_Raw data_
● ● ● ● ●

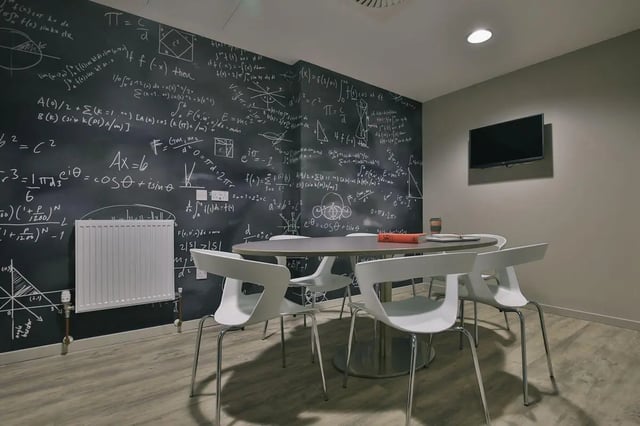 Chalkboard wall table chairs television study area at George Street Apartments in Glasgow Student Accommodation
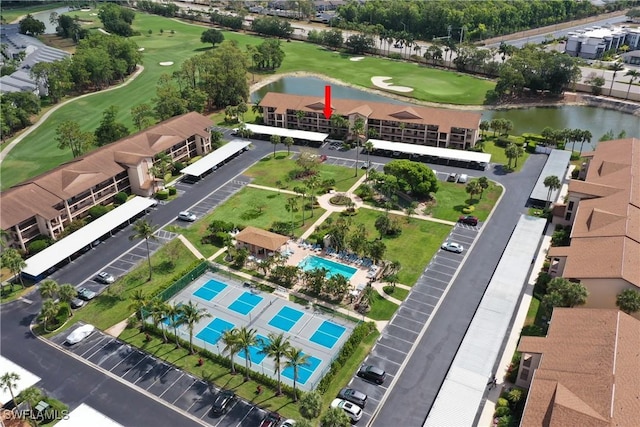 birds eye view of property featuring a water view and golf course view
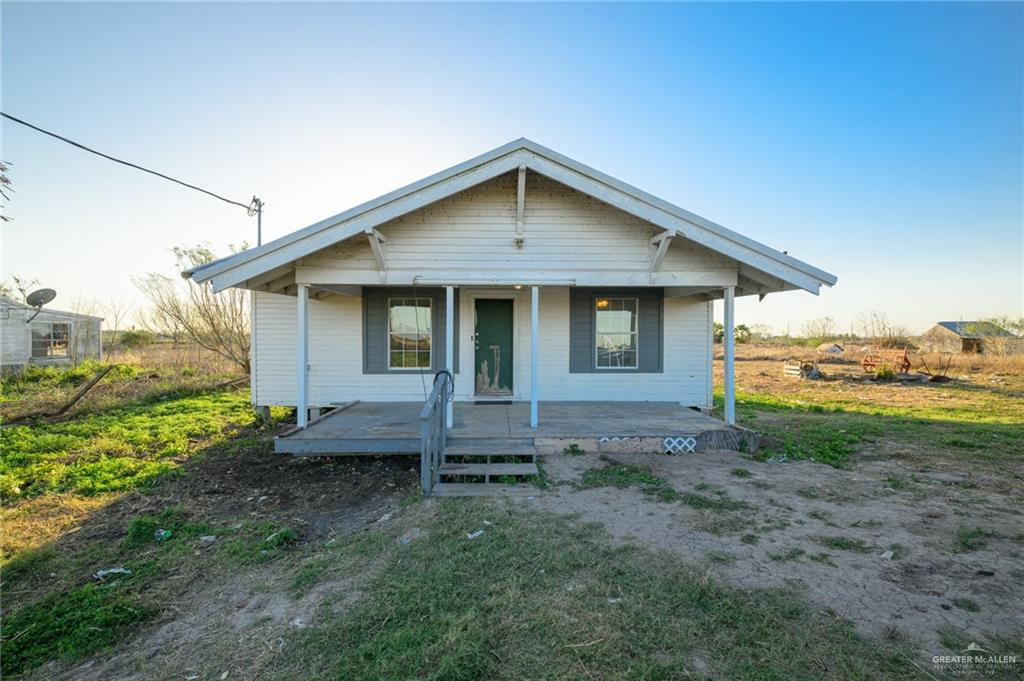 22790 Hooks E Hodges Road Santa Rosa, TX 78593 - Photo 1 of 1 Bungalow-style home with a porch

● ● ● ● ●

_Exercise description_
Reproduce the listing verbatim, and keep the pictures out of the copy.

_Exercise response_
 Chalkboard wall table chairs television study area at George Street Apartments in Glasgow Student Accommodation
 birds eye view of property featuring a water view and golf course view
 22790 Hooks E Hodges Road Santa Rosa, TX 78593 - Photo 1 of 1 Bungalow-style home with a porch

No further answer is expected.